WHAT TO PRODUCE →
All of the material must be duplicated exactly, line by line.

RAW DATA →
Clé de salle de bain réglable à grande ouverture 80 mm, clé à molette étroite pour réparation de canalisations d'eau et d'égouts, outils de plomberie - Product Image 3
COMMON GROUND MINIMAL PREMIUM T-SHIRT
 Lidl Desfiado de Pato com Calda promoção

ANSWER BOX →
Clé de salle de bain réglable à grande ouverture 80 mm, clé à molette étroite pour réparation de canalisations d'eau et d'égouts, outils de plomberie - Product Image 3
COMMON GROUND MINIMAL PREMIUM T-SHIRT
 Lidl Desfiado de Pato com Calda promoção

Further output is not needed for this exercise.